An optical flow is the pattern of apparent motion of objects, surfaces, and edges in a visual scene caused by the relative motion between an observer (e.g., an eye of a camera) and the scene. Optical flow estimation has been an important problem in computer vision research such as motion detection, object segmentation, and disparity measurement in a two-dimensional (2D) or three-dimensional (3D) environment. Generally, pixel-level optical flow estimation is to calculate the motion between two subsequent images which are taken at times t and t+Δt every pixel position, where Δt is the time difference between the two images. Analysis of subsequent images searching for local displacements of pixels in the images allows quantitative measurement of the optical flow of the pixels. Sub-pixel level optical flow estimation method is to find sub-pixel displacement of pixels in the images.
One conventional sub-pixel optical flow estimation method is to compute pixel-level optical flow of an input image using a window-based matching algorithm. A matching score for each pixel is computed only at pixel-level. To find the sub-pixel optical flow, one existing method is to compute the matching score at an interpolated image of the input image. The problem with this method is computationally expensive due to the complex image interpolation.
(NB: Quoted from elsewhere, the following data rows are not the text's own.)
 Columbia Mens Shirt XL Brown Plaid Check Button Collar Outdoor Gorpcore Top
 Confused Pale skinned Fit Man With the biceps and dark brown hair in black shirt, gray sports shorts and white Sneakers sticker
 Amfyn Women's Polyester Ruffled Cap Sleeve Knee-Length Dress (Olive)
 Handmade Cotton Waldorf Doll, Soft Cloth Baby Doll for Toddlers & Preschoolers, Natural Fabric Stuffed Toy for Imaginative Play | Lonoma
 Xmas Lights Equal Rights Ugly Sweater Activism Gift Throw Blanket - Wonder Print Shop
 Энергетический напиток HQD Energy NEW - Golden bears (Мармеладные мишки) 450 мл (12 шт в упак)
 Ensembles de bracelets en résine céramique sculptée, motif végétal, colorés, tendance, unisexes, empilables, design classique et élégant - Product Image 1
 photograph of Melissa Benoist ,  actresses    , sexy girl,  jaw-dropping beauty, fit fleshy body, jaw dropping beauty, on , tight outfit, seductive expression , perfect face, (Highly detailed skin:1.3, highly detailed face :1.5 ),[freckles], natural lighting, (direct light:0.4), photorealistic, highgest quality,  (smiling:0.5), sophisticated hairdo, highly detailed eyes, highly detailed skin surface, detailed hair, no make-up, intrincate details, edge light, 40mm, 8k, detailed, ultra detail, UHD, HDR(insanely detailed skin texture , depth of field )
Another conventional way to compute sub-pixel optical flow is to fit a parametric function, such as a spline or quadratic function, to pixel-level matching scores of an input image, and to find the maximum value of the function. The maximum value of the parametric function allows the method to compute the sub-pixel optical flow. The problem with this method is computationally expensive due to the complex computation using the parametric function.